DMBfanLongliveStrongBad! said:
All Along the Watchtower, although it was originally Bob Dylan's song, Jimi Hendrix and Dave Matthews Band do the song more than justice.
There was a local band that I heard on the radio once that I thought did a great job of covering it, but I only heard it once and even though I know the name of the band (Chrome Yellow), I didn't have the money to get the CD and unfortunately that song wasn't available to even sample from their website. For all I know it might not've been all that great, but I seem to remember otherwise.
Western Deity said:
I was always under the impression that the Beatles performed "Eleanor Rigby" first?
Well, Lennon and McCartney wrote the song, so I think it's safe to assume the Beatles recorded it first, even if only as a demo. I looked it up on allmusic, and it says that Ray Charles version appeared on a 1963 EP, and that the Beatles version was on 1966's
Revolver, but since the songwriting is still Lennon/McCartney, it's tricky.
Songs from that era often were recorded by multiple artists in a very short span of time and it can be hard to know just who recorded it first, even if you know who wrote it. The most famous version of "Unchained Melody" (I would assume the most famous version is by The Righteous Brothers) is a cover, for example, and was recorded about nine or ten years after a version my grandparents have. It's the same way with "The Mighty Quinn"...originally written and recorded as a demo by Bob Dylan, but covered and released by Manfred Mann before Dylan put it out on an album. The Manfred Mann version is still probably the most well-known version of the song.
I can recall one newer cover that did better than the original: Faith Hill's "Cry" - originally recorded by Angie Aparo, and appears on
his 2000 album
The American. I like both versions, actually, and if it weren't for the fact I passed up buying
The American when it came out, I would've known straight out of the box that Faith Hill covered it, but I didn't know until about six months later.
NINGirl said:
What also is sad is when an artist becomes famous because of a cover being their hit. Joss Stone is a strong example of this. She covered White Stripe's "Fell in love with Girl" and changed all the pronouns to "boy" and was on VH1's Diva Special.

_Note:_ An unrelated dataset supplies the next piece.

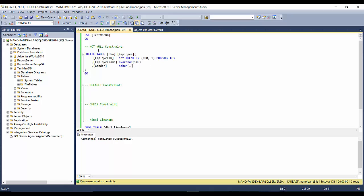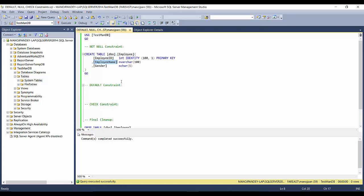For the NOT NULL constraint example I'll use these few columns. If I create just this table without enforcing any rules, the employee ID is a primary key so it cannot be null. However, for employee name and gender, there's a possibility of inserting null records. While entering an employee record, I must have an employee name, so I want to enforce the rule that whenever you insert an employee name it should not be null. I'll add NOT NULL here.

Yeah, I can't stand that version. It probably has more to do with the fact that I can't stand the way she sings, though.
And Happy Birthday!
Personally, I tend to like most covers I hear; IMO, it brings out a different dimension to the song (yes, even the dumb dance covers; they're fun, at least most of the time). There are some that I absolutely can't tolerate, but I usually don't listen to the stations that play those versions.

I do get kind of miffed when someone else is raving over the cover and thinks it's the original. And then I have to go and point out it's not (and in most cases I have the original, so I bring that out and play it for them). It's not all that bad if the original was fairly obscure, but when it's a well-known song it gets on my nerves.

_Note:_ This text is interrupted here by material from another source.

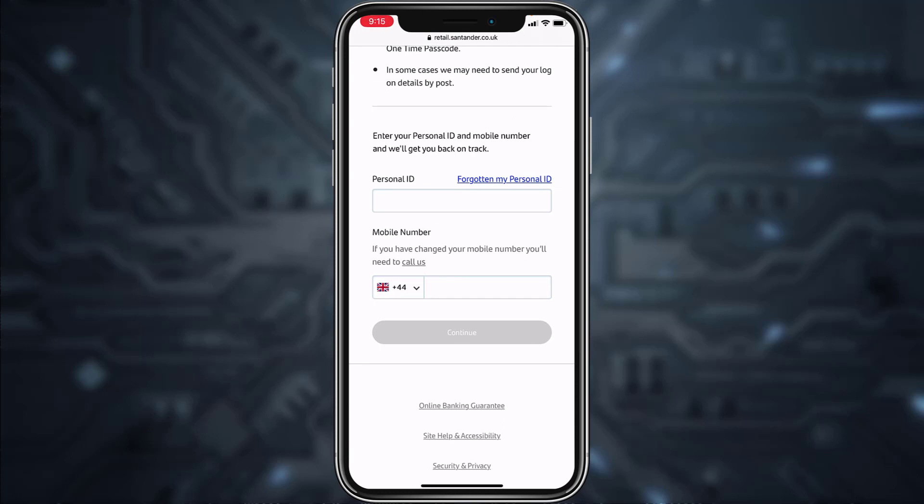They will send you a OTP (one-time passcode) and you can use that OTP to reset your forgotten password.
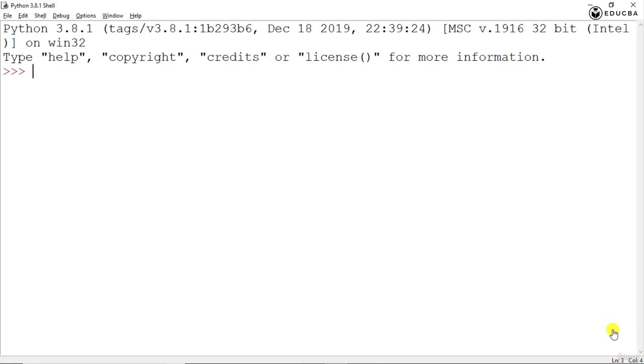Welcome to the next session in our Python hacking advanced level course which is basically about hacking the Vigenere cipher. Now as we have discussed in the earlier session, there are two methods which exist to hack the Vigenere cipher.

The most ridiculous cover/remix/whatever-you-wanna-call-it that I've run across was the deal with the song "Damaged" by Plumb. Recorded in 1999, appeared both the band's album and on the Brokedown Palace soundtrack, and then the Plum
met version comes out four years later, but it sounds like the exact same voice! Not to mention that while the rest of Plummet's songs may or may not be covers, it's still the same voice. Either there's some collaboration (and cheap naming conventions) going on, the singer's voice is just eerily similar (which is what allmusic seems to imply), or I smell a lawsuit brewing (or already brewed, at any rate; I wasn't too up on it back in 2001)...
Needless to say, I like the Plumb version
much better, but the Plummet cover is decent.
NINGirl said:
Sign Of The Fish said:
i thoroughly enjoyed Johny Cash's cover of NIN's "hurt".
Wow, guess that's in the eye of the beholder then. (Or ear of the beholder?) Most definetly enjoy the original and can't stand Cash's version.
You should hear the cover of "Head Like A Hole" that Devo (you know, "Whip It") did. Truly bizarre. They kept the music fairly close, too. The vocals are just off-the-wall, though.